Write out the entries below exactly, but only from the line containing "Hi and welcome" through the line containing "Hello, welcome back", and without the pictures.

─── Data listing ───

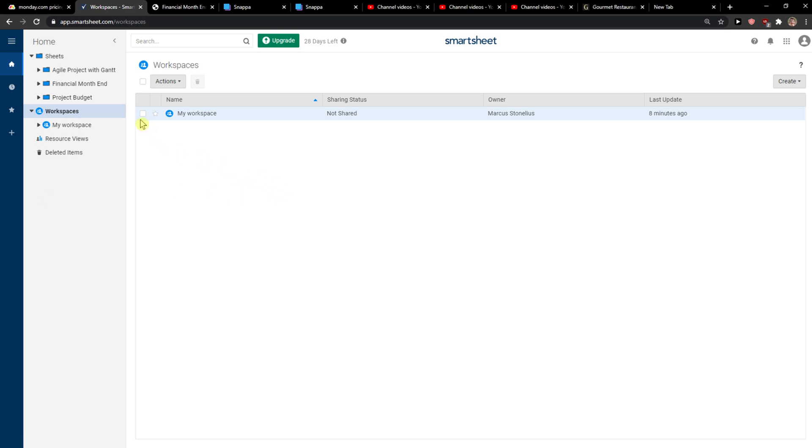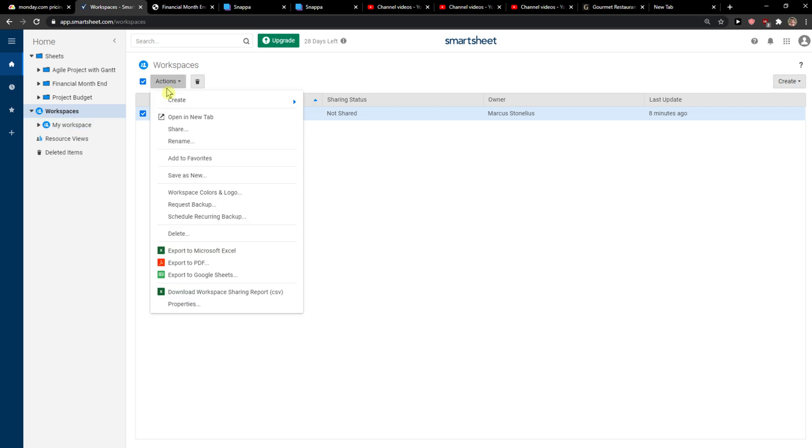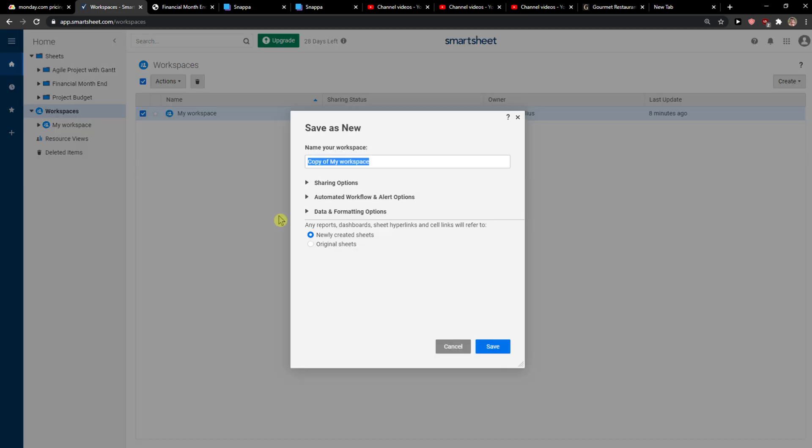You just want to click on the worksheet that you got in the workspace, and click Actions, and click Save as New.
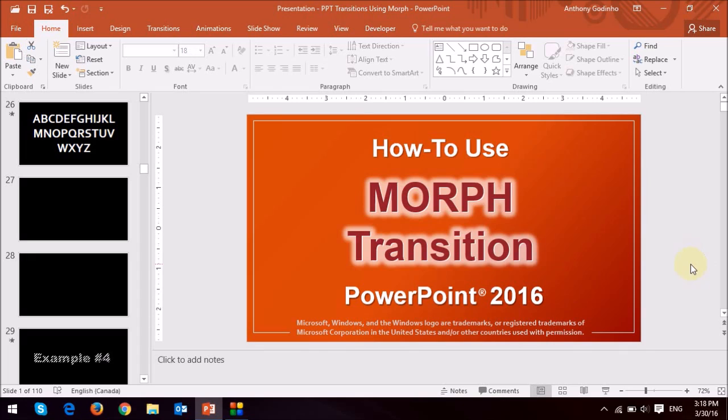So I hope that gives you a good idea of the possibilities of using the morph transition. Now let me show you the basics of how it works.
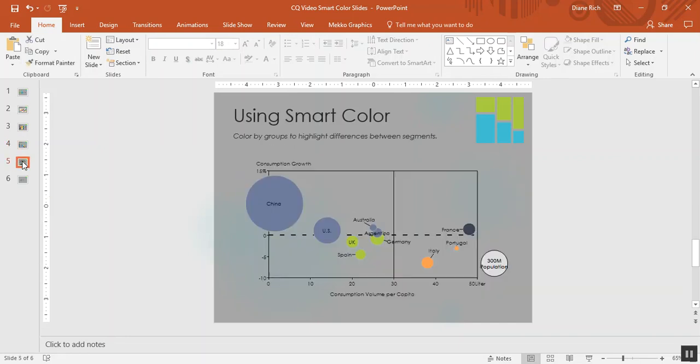And this is how to use smart color in a bubble chart. This bubble chart shows consumption volume per capita and consumption growth for wine for different countries. And the bubble size is the population of that country.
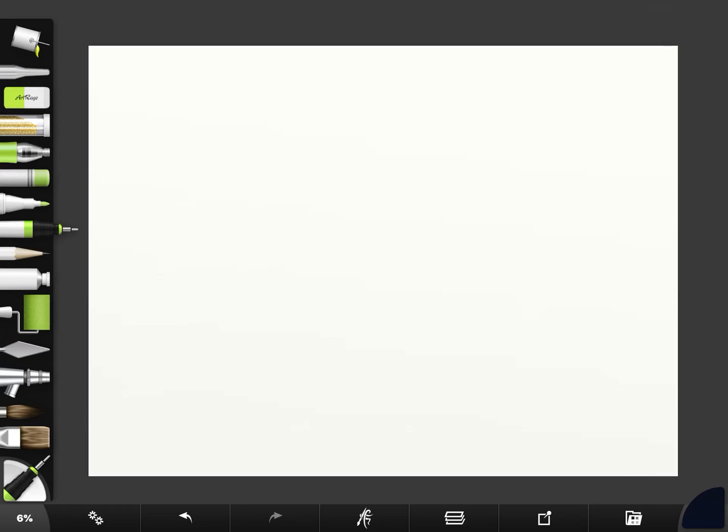Hello everyone! I'm going to show you how to make some sea creatures using simple shapes. So let's start off with an oval. That can be the base of your jellyfish.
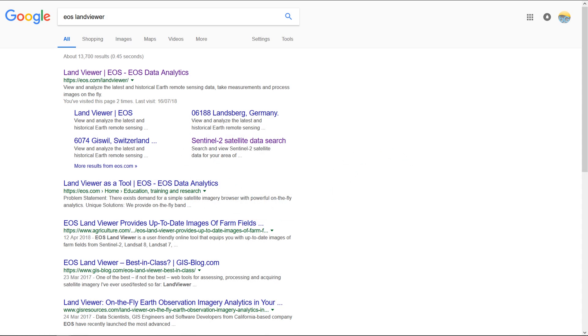Hi map fans, this is a video about EOS Land Viewer. The first thing we need to do is find EOS Land Viewer and you can do that just by typing EOS Land Viewer into Google.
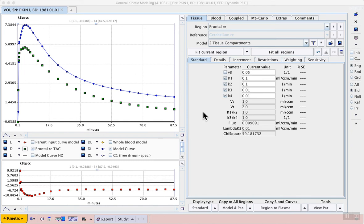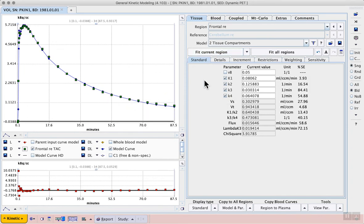The first model fit can be tested by clicking fit current region. Then using iterative methods PMOD finds rate constants for the model that produce the best agreement between the blue model curve and the measured PET data.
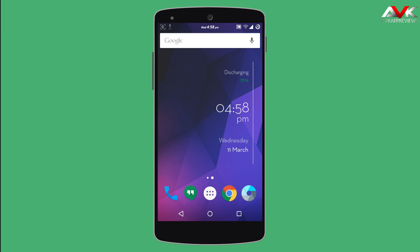Hello guys and welcome to AVK App Reviews. Today I'm going to show you how to install HTC Blink Fit on any phone. So let's check it out.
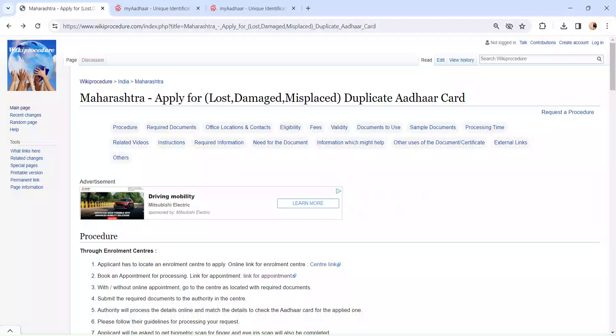Hi and welcome to VK Procedure Video Channel. Kindly subscribe to our channel for more informative videos. In this video, we are going to see how to apply for a duplicate Aadhaar card in Maharashtra.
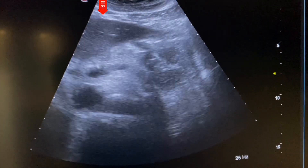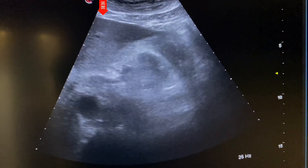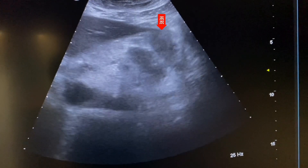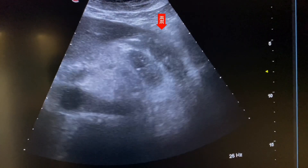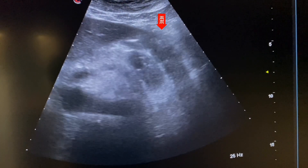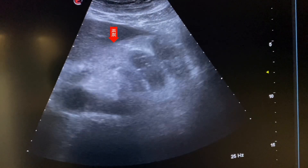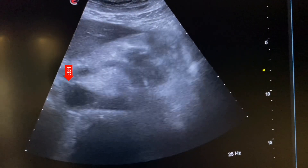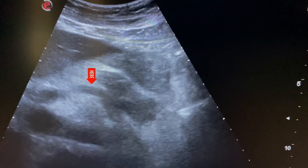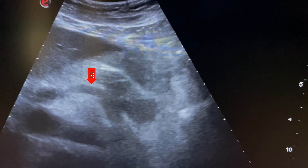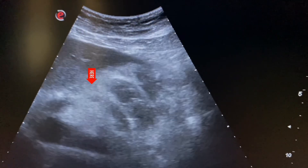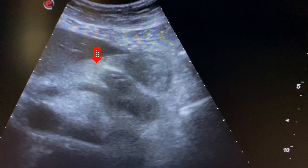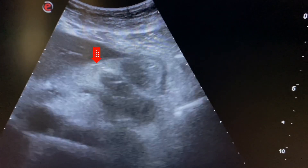We start scanning here. We see the left lobe of liver, this is duodenum, and this is pancreas. Here we see the splenic vein and IVC. The pancreas lies above the splenic vein.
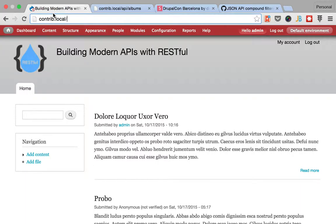Hello, welcome back to Building Modern APIs with RESTful. My name is Mateo and before we move on I want to show you one thing that I left out before because I didn't remember to mention it.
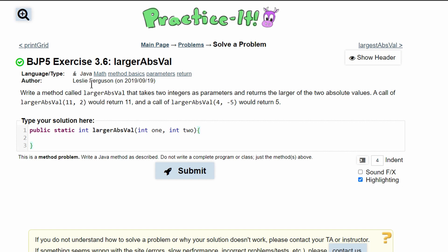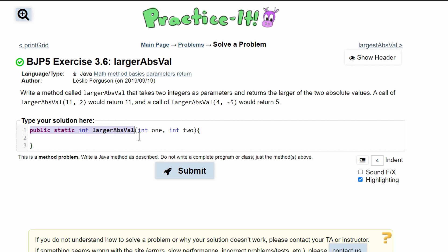For Practice-It exercise 3.6, larger absolute values, we are asked to write a method called largerAbsVal which takes two integers as parameters and returns the larger of the two absolute values.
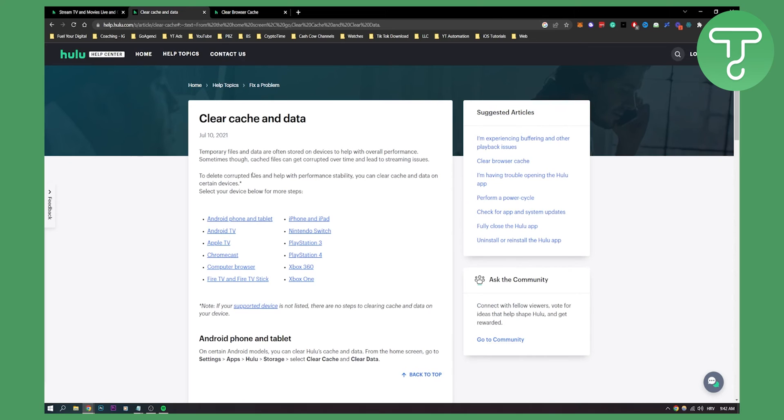So yeah, that's basically how to clear cache and data on Hulu. If you have any questions or comments, comment down below and we'll see you in the next video. Thank you guys for watching.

───

* **Problem solution**:
Hi and welcome to VK Procedure Video Channel. Kindly subscribe to our channel for more informative videos. In this video, we are going to see how to apply for a duplicate Aadhaar card in Maharashtra.
We start scanning here. We see the left lobe of liver, this is duodenum, and this is pancreas. Here we see the splenic vein and IVC. The pancreas lies above the splenic vein.
Hello, welcome back to Building Modern APIs with RESTful. My name is Mateo and before we move on I want to show you one thing that I left out before because I didn't remember to mention it.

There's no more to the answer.